Top of Stored data
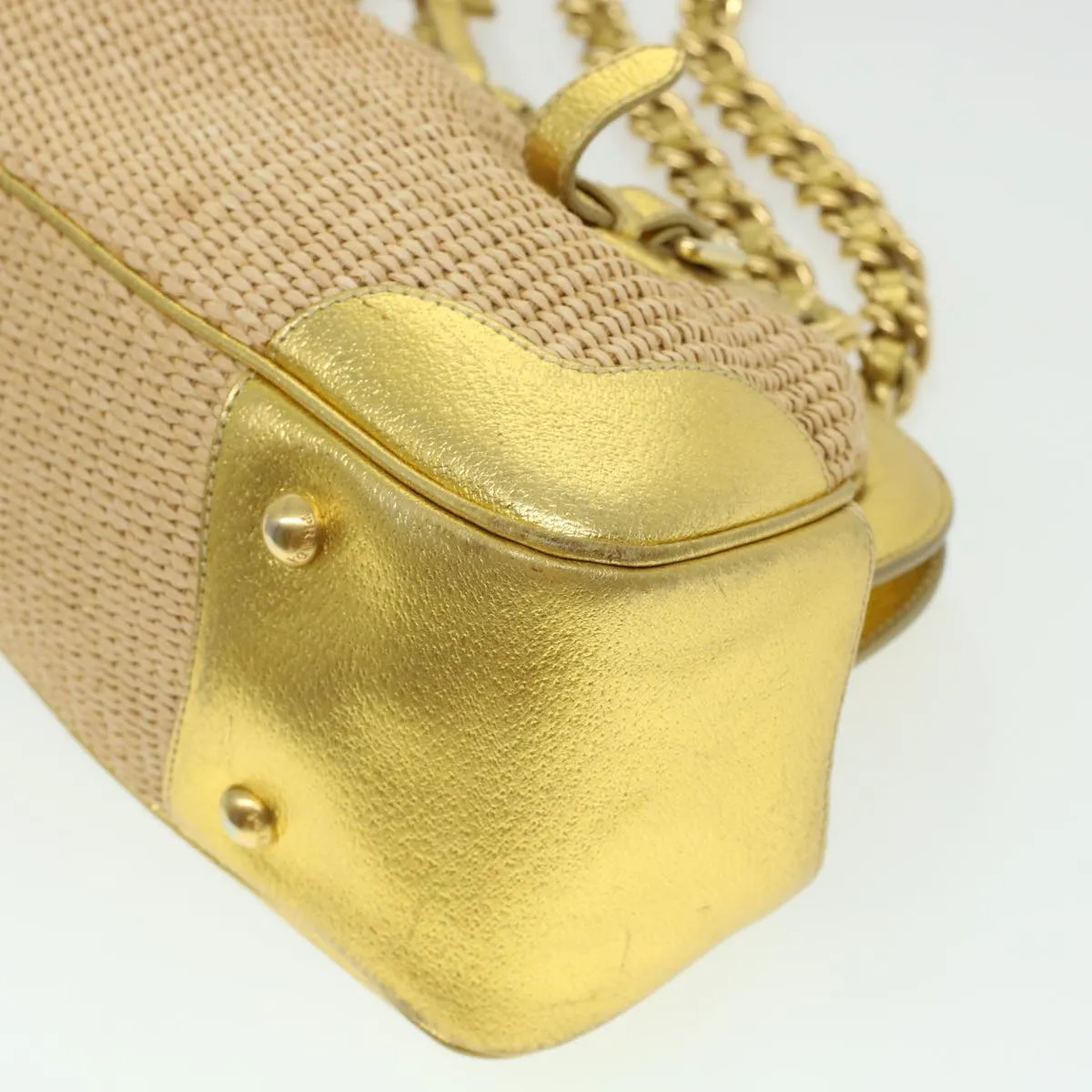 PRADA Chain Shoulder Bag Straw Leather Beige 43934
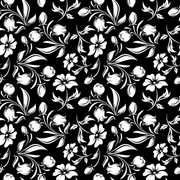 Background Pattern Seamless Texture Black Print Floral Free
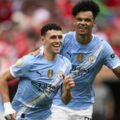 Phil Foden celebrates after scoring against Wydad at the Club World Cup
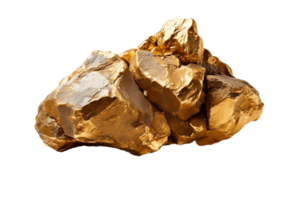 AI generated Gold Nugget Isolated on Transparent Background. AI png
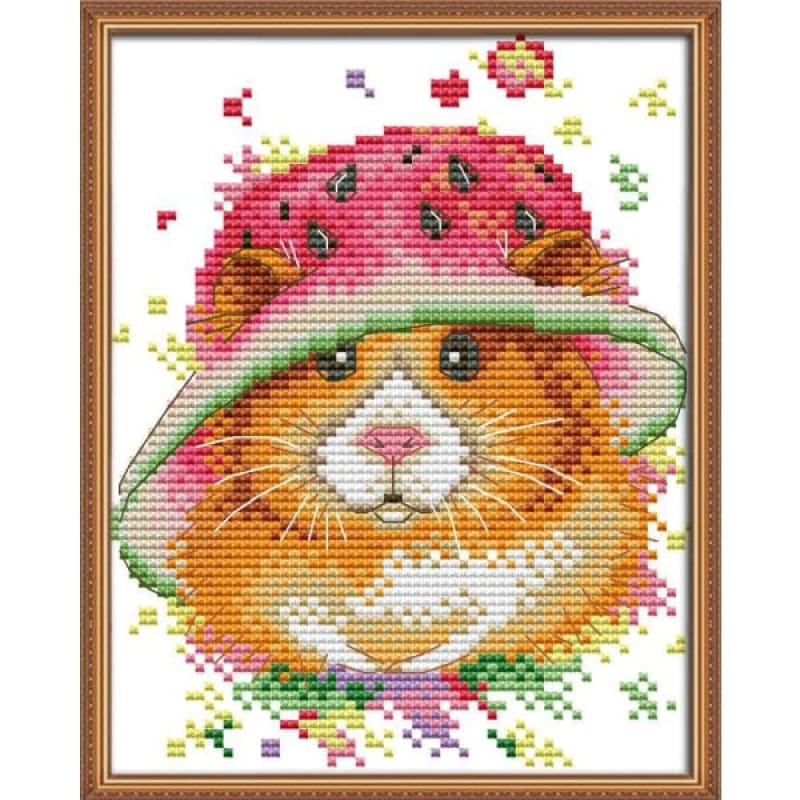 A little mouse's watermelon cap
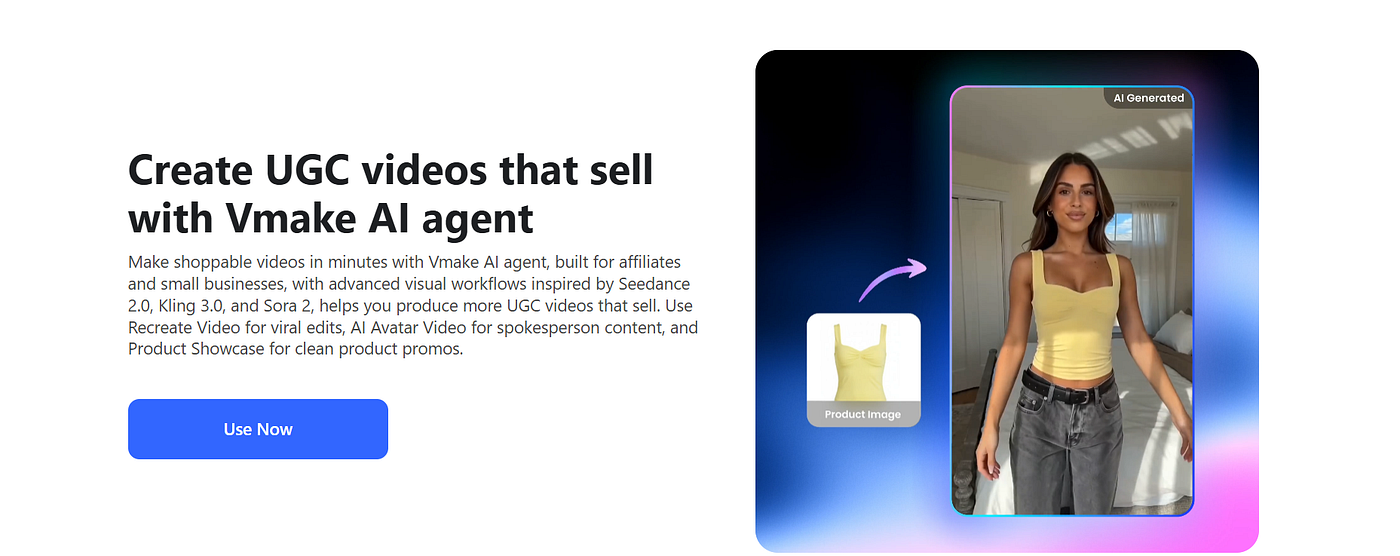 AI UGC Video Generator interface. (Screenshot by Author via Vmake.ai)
Bottom of Stored data
Top of Stored data
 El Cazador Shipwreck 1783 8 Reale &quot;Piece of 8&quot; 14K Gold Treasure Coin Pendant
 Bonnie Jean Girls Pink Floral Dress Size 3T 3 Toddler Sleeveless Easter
Bottom of Stored data
Exercise description:
Output only the stretch above from the line with "A little mouse's watermelon cap" through the line with "AI UGC Video", reproduced exactly. Exclude pictures.

Output of the exercise:
 A little mouse's watermelon cap
 AI UGC Video Generator interface. (Screenshot by Author via Vmake.ai)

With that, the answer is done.